Some of these points appear to be based on the CMA’s current views on best practice and are untested as principles of consumer law. Indeed, given the average UK household now has multiple subscriptions, the ‘average consumer’, as defined in law, may already be very familiar with rolling subscriptions and how to manage accounts online.
Further enforcement in this area will inevitably be tied to the CMA’s wider consumer agenda in the digital sphere. For example, the CMA recently set up a specialist taskforces (the DaTa unit) as it tries to better understand and regulate the digital sphere.
Greater CMA consumer enforcement powers on the horizon?
We are still awaiting the Government’s Consumer White Paper, which, if and when it finally arrives, should clarify whether the CMA’s consumer protection powers will be bolstered. For example, the Government could enable the CMA to impose fines directly on companies that break consumer protection law without the requirement to seek an order from the court.
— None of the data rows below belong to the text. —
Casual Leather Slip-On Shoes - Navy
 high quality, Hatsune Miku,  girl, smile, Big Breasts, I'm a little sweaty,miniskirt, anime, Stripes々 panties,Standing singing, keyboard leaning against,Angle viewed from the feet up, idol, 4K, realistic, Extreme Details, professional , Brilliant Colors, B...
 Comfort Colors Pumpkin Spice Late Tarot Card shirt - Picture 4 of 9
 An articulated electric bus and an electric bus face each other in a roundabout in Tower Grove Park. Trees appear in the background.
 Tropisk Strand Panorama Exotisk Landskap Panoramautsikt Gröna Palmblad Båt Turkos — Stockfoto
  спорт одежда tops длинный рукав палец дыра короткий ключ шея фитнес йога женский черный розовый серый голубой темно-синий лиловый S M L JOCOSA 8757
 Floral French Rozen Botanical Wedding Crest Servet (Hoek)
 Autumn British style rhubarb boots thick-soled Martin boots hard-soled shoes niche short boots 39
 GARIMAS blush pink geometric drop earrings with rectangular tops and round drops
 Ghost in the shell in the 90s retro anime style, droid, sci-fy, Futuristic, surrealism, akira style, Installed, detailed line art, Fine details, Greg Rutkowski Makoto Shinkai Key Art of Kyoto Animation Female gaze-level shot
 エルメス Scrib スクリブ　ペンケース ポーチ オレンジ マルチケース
This would bring the CMA’s consumer protection powers more in line with the powers that the authority has in the competition sphere.
The Government could also change the law in order to codify certain principles that have emerged from the various ‘loyalty penalty’ sectoral investigations, as recently recommended in the Penrose Report. For example, it could add new blacklisted practices related to so-called ‘subscription traps’ to the unfair commercial practices regime.